Liebe Frau Präsidentin! Meine sehr verehrten Damen und Herren! Ich wusste gar nicht, für was ich alles zuständig bin. Aber ich will gern mal anschauen, was in den letzten zwei Jahren passiert ist. Wir haben in 2022 und 2023 trotz einer sehr schwierigen konjunkturellen Entwicklung, trotz der Tatsache, dass die Entwicklung in Gesamtdeutschland durch den Krieg Russlands in der Ukraine nicht gut war, gesehen, dass die Situation in Ostdeutschland, was das Wirtschaftswachstum angeht – ein Punkt, auf den Carsten Schneider hingewiesen hat –, besser ist als in Westdeutschland. Ich finde, das ist ein Grund, sich zu freuen, gerade vor dem Hintergrund, dass die Sorgen groß waren, weil wir gerade in Ostdeutschland so hohe Verflechtungen in Richtung Osteuropa und Russland haben. Ich finde, man kann sich über diese Entwicklung, dass Ostdeutschland 2022 und 2023 ganz gut durch diese schwierigen Zeiten gekommen ist, auch freuen, und das ist allemal besser, als alles einfach nur schwarzzusehen.

(Beifall beim BÜNDNIS 90/DIE GRÜNEN, bei der SPD und der FDP)

Wir hatten in den 90er-Jahren, wenn ich mich an diese „seligen“ Zeiten zurückerinnere, eine doppelt so hohe Arbeitslosigkeit in Brandenburg, Thüringen und Sachsen im Vergleich zu Nordrhein-Westfalen oder zum Saarland. Heute ist es umgekehrt: Die Arbeitslosigkeit ist in Brandenburg, Sachsen und Thüringen geringer als in Nordrhein-Westfalen und im Saarland.
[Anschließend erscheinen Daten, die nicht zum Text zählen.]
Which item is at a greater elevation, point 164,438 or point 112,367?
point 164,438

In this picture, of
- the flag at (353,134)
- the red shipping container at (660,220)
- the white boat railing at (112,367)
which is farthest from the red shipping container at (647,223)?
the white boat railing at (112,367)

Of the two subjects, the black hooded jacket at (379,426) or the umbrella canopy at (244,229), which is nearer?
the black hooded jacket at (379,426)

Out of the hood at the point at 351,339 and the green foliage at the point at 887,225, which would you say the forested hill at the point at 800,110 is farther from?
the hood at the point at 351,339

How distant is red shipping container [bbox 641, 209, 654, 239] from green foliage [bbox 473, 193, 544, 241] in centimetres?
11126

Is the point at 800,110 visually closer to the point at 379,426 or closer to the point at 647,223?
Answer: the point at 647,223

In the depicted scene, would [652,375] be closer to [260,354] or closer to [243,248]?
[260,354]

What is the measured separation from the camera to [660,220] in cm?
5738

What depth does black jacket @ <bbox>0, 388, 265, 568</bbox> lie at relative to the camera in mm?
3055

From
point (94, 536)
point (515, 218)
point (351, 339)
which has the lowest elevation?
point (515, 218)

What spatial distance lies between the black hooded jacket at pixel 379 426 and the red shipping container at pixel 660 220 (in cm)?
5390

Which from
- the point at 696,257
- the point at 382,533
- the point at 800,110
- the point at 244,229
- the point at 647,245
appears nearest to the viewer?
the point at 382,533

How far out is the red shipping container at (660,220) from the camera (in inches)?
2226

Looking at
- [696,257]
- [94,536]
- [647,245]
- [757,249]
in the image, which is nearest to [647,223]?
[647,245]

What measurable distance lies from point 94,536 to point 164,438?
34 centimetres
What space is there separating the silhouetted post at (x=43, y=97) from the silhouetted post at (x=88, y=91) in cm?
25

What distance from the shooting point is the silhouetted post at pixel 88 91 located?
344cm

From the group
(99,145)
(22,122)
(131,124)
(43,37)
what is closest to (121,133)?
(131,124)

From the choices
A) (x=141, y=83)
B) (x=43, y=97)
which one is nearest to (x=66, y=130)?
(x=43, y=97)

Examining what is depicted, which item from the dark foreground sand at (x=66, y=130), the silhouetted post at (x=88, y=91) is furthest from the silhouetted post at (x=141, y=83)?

Ich will aber auf ein Problem hinweisen, das mir wirklich Sorgen macht. Wir haben im September 2022 das erste Mal feststellen müssen, dass in Ostdeutschland die Beschäftigung deutscher Staatsbürger rückgängig ist. Denselben Effekt haben wir im April 2023 in Westdeutschland gesehen. Das ist der demografische Wandel, der da durchschlägt. Er schlägt aber in Ostdeutschland früher und stärker durch. Das ist eines der Haupthemmnisse für Entwicklung, für Wachstum in Gesamtdeutschland, aber in Ostdeutschland noch mal stärker. Und das macht mir Sorgen.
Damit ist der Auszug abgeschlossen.